While its assessment of a 3C world is bleak, the report paints a much more positive picture of what governments can do now and over the next decade to keep global heating to within 2C.

The scientists write that Australia lags behind the best practice demonstrated by many other countries. Their 10 recommendations include a call for the Morrison government to accelerate the transition to net zero emissions “given how much Australia stands to lose if GHG [greenhouse gas] emissions are not reduced”.

They also recommend governments improve their understanding of climate impacts, including tipping points and the compounding effects of multiple stressors at global heating of 2C or more, so that Australia can develop effective adaptation responses.

The report calls for a systematic exploration of how Australia should prepare its food production and supply for a worsening climate crisis, and improved understanding of the risks of climate change to human health.

Prof Frank Jotzo, from ANU’s Crawford School of Public Policy, said achieving the goals of the Paris agreement would require accelerated investment in renewable energy, energy storage and electricity transmission.

He said reducing transport emissions, which account for about 19% of Australia’s current carbon pollution, was the next major and necessary step, and that an electric vehicle fleet would also present “a handy opportunity for decentralised electricity storage”.
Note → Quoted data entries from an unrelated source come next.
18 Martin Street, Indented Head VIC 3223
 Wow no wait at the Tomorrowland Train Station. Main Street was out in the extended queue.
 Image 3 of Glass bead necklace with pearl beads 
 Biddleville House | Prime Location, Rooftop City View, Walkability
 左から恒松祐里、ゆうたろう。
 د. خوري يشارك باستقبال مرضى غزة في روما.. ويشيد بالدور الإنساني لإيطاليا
“The costs of reducing global emissions are much less than the cost of adapting to the impacts of unrestrained global warming,” Jotzo said.

Prof Lesley Hughes, an ecologist and pro vice-chancellor at Macquarie University, said there were steps the Morrison government could take immediately to encourage the uptake of electric vehicles, rather than inhibit it.

“Delay is as dangerous as denial,” she said.

“The main message we would have for the federal government is that what we do, as well as the rest of the world, in the next decade … that’s the critical thing.”